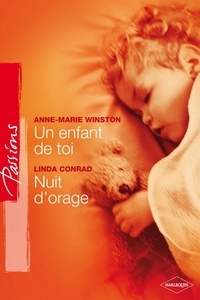 Anne Marie Winston et Anne Marie Winston - Un enfant de toi - Nuit d'orage (Harlequin Passions).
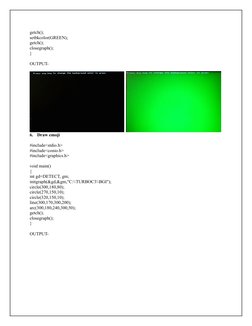 getch();
setbkcolor(GREEN);
getch();
closegraph();
}
OUTPUT-
  
6.
Draw emoji
#include<stdio.h> 
#include<conio.h>
#include<g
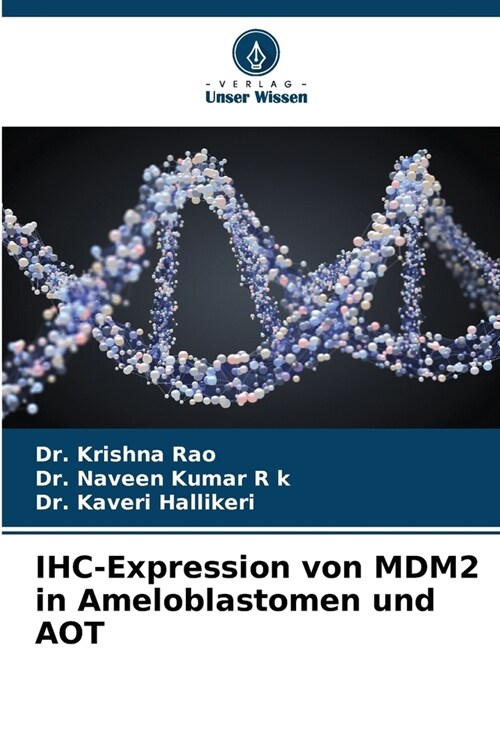 IHC-Expression von MDM2 in Ameloblastomen und AOT (Paperback)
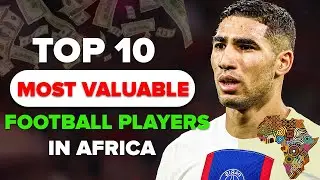 TOP 10 Most Valuable Football Players in Africa (-2023-)
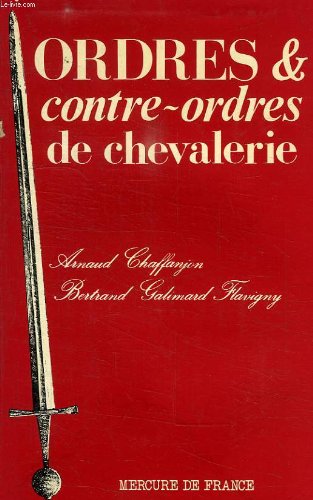 Stock image for Ordres & contre-ordres de chevalerie. for sale by Zubal-Books, Since 1961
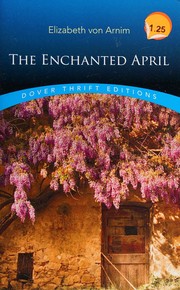 Cover of: Enchanted April by Elizabeth von Arnim
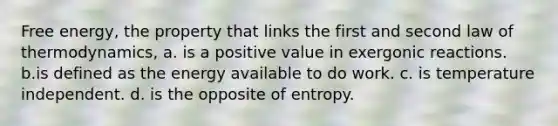 Free energy, the property that links the first and second law of thermodynamics, a. is a positive value in exergonic reactions. b.is defined as the energy available to do work. c. is temperature independent. d. is the opposite of entropy.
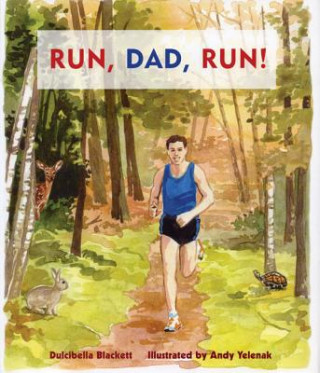 Kniha Run, Dad, Run! Dulcibella Blackett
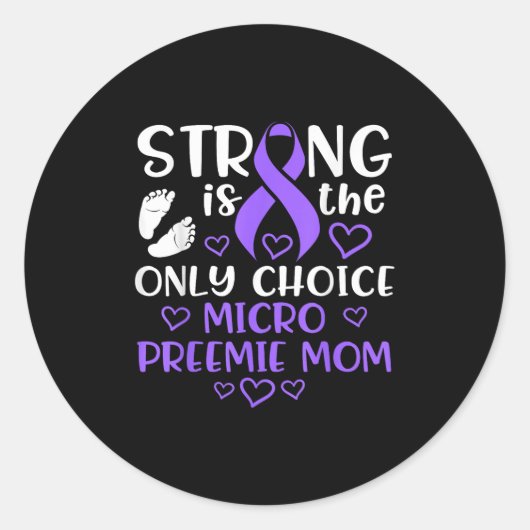Micro Preemie Nicu New Mom Awareness Strong Premat Ronde Sticker (Voorkant)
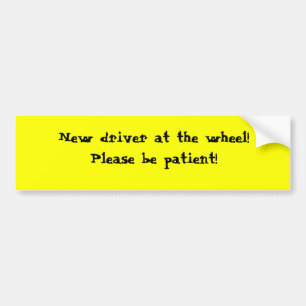 New driver bumper sticker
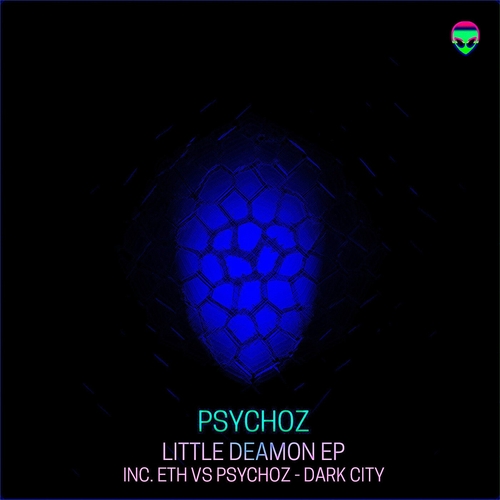 Psychoz - Little Deamon EP [P4A036]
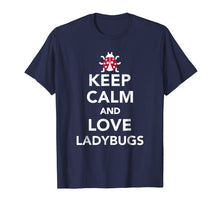 Load image into Gallery viewer, Keep calm and love ladybugs T-Shirt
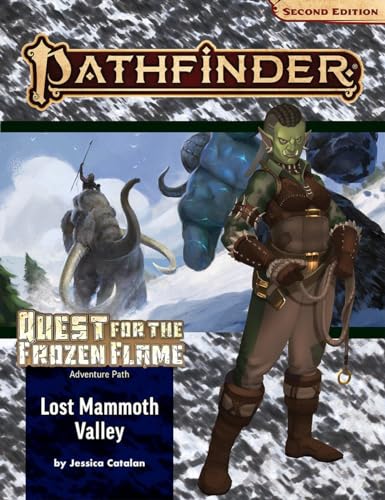 9781640783966: Pathfinder Adventure Path: Lost Mammoth Valley (Quest for the Frozen Flame 2 of 3 (P2) (PATHFINDER ADV PATH QUEST FROZEN FLAME (P2))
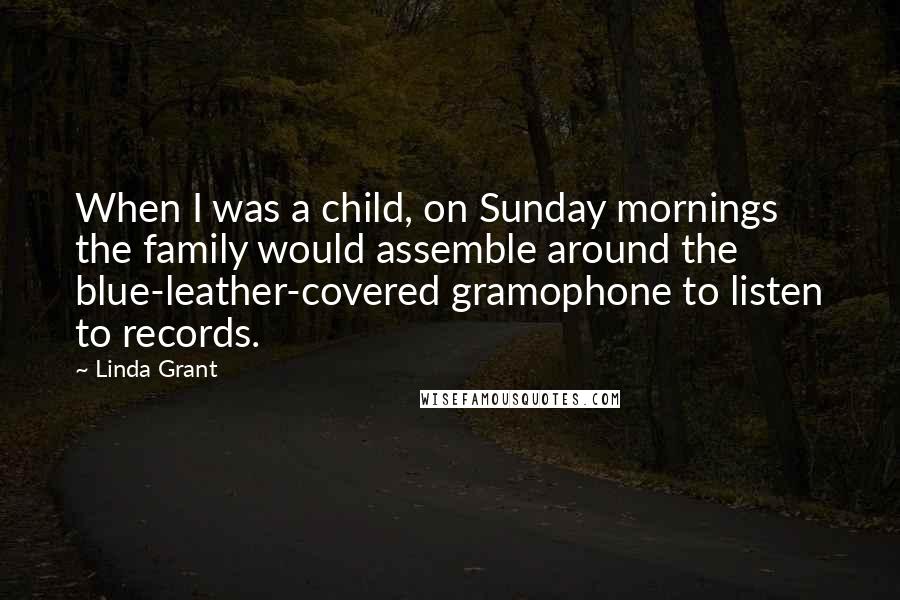 Linda Grant Quotes: When I was a child, on Sunday mornings the family would assemble around the blue-leather-covered gramophone to listen to records.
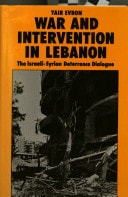 War and Intervention in Lebanon The Israeli-Syrian Deterrence Dialogue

What the exercise asks: Omitting all pictures, set the listing down exactly.

Solution for this task:
 Anne Marie Winston et Anne Marie Winston - Un enfant de toi - Nuit d'orage (Harlequin Passions).
 getch();
setbkcolor(GREEN);
getch();
closegraph();
}
OUTPUT-
  
6.
Draw emoji
#include<stdio.h> 
#include<conio.h>
#include<g
 IHC-Expression von MDM2 in Ameloblastomen und AOT (Paperback)
 TOP 10 Most Valuable Football Players in Africa (-2023-)
 Stock image for Ordres & contre-ordres de chevalerie. for sale by Zubal-Books, Since 1961
 Cover of: Enchanted April by Elizabeth von Arnim
 Free energy, the property that links the first and second law of thermodynamics, a. is a positive value in exergonic reactions. b.is defined as the energy available to do work. c. is temperature independent. d. is the opposite of entropy.
 Kniha Run, Dad, Run! Dulcibella Blackett
Micro Preemie Nicu New Mom Awareness Strong Premat Ronde Sticker (Voorkant)
 New driver bumper sticker
 Psychoz - Little Deamon EP [P4A036]
 Load image into Gallery viewer, Keep calm and love ladybugs T-Shirt
 9781640783966: Pathfinder Adventure Path: Lost Mammoth Valley (Quest for the Frozen Flame 2 of 3 (P2) (PATHFINDER ADV PATH QUEST FROZEN FLAME (P2))
 Linda Grant Quotes: When I was a child, on Sunday mornings the family would assemble around the blue-leather-covered gramophone to listen to records.
 War and Intervention in Lebanon The Israeli-Syrian Deterrence Dialogue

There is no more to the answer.